Bien sûr, le gouvernement comme l’opposition ont utilisé ces faits pour diviser le peuple, pour diviser notre classe. Ils ont lié terrorisme et immigration, mettant sur le même plan les bourreaux et les victimes, et niant leur responsabilité dans cette situation. Ils ont justifié leurs pratiques sécuritaires, et ciblé les personnes musulmanes ou désignées comme telles comme responsables collectifs. Dans les médias, les positions des franges les plus réactionnaires de la société, des fascistes, sont de plus en plus dominantes : ils lient la question de l’Islam à la violence, à l’insécurité, à la guerre, à la drogue, à l’immigration, au chômage. Tout est mélangé pour préparer les esprits à accepter les violences de masse, et ces idées pénètrent progressivement dans le peuple. L’antiterrorisme est principalement porté par la classe moyenne, c’est-à-dire en termes scientifiques la petite-bourgeoise dont l’aristocratie ouvrière. C’est cette classe sociale qui s’est particulièrement sentie touchée par les attaques des dernières années. C’est elle qui pèse sur le pouvoir : la grande-bourgeoisie sait qu’elle est protégée et s’intéresse surtout à la défense de ses intérêts économiques à l’étranger ; quant au prolétariat, il est tout simplement exclu de la vie politique, à part lors des périodes d’élection durant lesquelles les classes dirigeantes essaient de le mobiliser dans les urnes. Lors du mouvement pour « Charlie », l’aspect principal était le soutien à l’Etat impérialiste, à sa police, et donc en creux, une
demande pour plus de répression.
Face aux discours agressifs sur l’Islam, beaucoup de démocrates sincères se contentent de dire que les jihadistes seraient de mauvais musulmans, qui n’auraient pas bien compris les textes ou qui représenteraient une anomalie. Cet argumentaire ne suffit pas à lutter contre l’islamophobie, ni contre le jihadisme. Ce n’est pas une analyse scientifique, et nous pensons qu’il est nécessaire d’aller plus loin et d’étudier la racine de ces problèmes.
Islamisme, salafisme, jihadisme, Daesh… C’est quoi ?
L’islamisme, c’est la théorie politique qui consiste à dire que l’Islam, c’est-à-dire la religion musulmane, doit diriger la société, que l’Etat et sa loi doivent suivre les principes du Coran. Cette position est minoritaire parmi les personnes musulmanes dans notre Etat.

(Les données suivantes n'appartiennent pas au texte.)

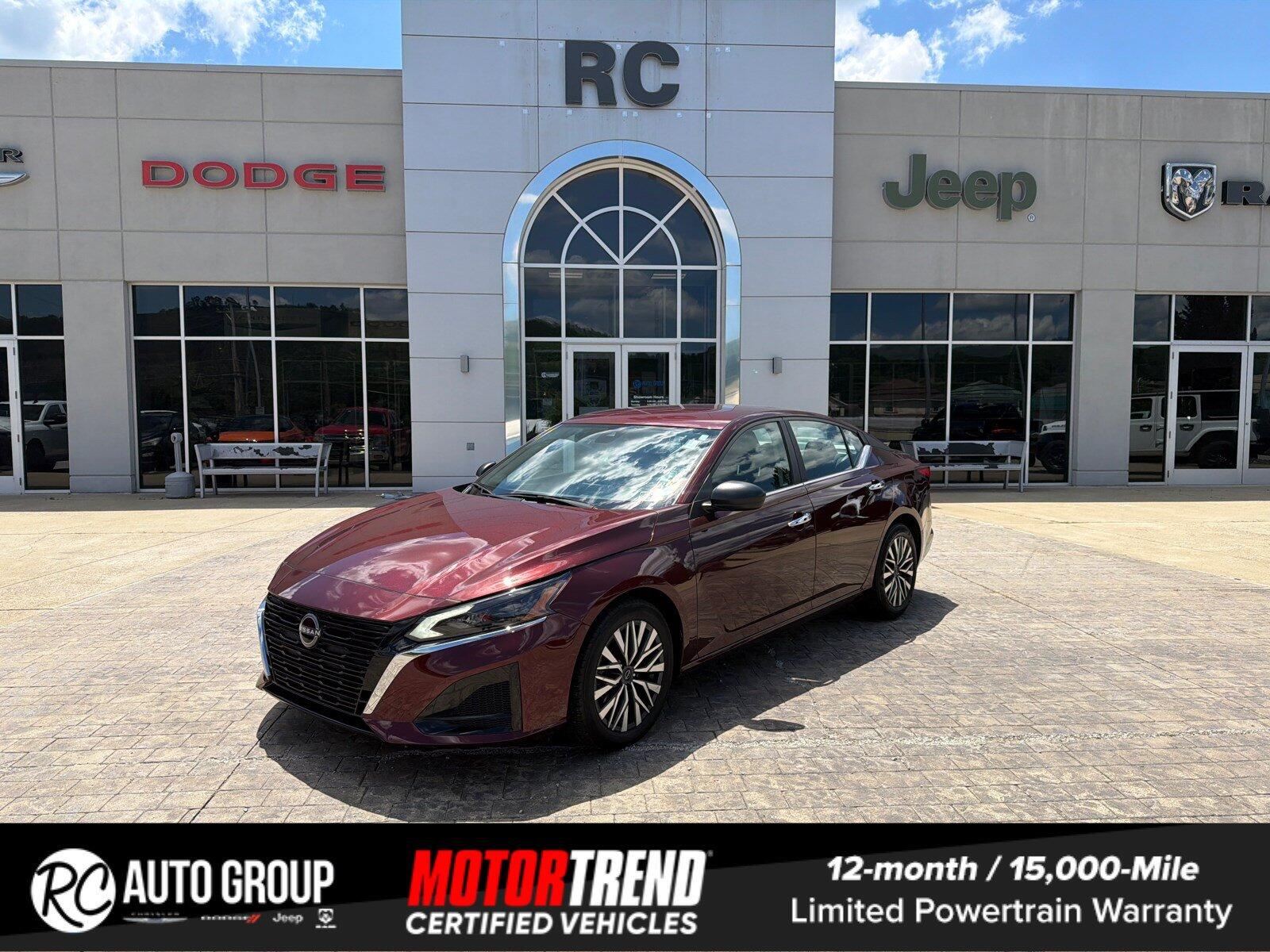 2025 Nissan Altima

Chez les islamistes sunnites, le salafisme est un courant puissant. Les salafistes veulent revenir à la pureté des premiers temps de l’Islam, les salaf salih, d’où ils tirent leur nom. Ils ont une vision très réactionnaire de l’Islam. Pour autant, la plus grande partie des salafistes en France sont dits « quiétistes », c’est-à-dire qu’ils ne cherchent pas à s’affronter avec l’Etat laïque : ils considèrent que celui-ci disparaîtra par la volonté de Dieu.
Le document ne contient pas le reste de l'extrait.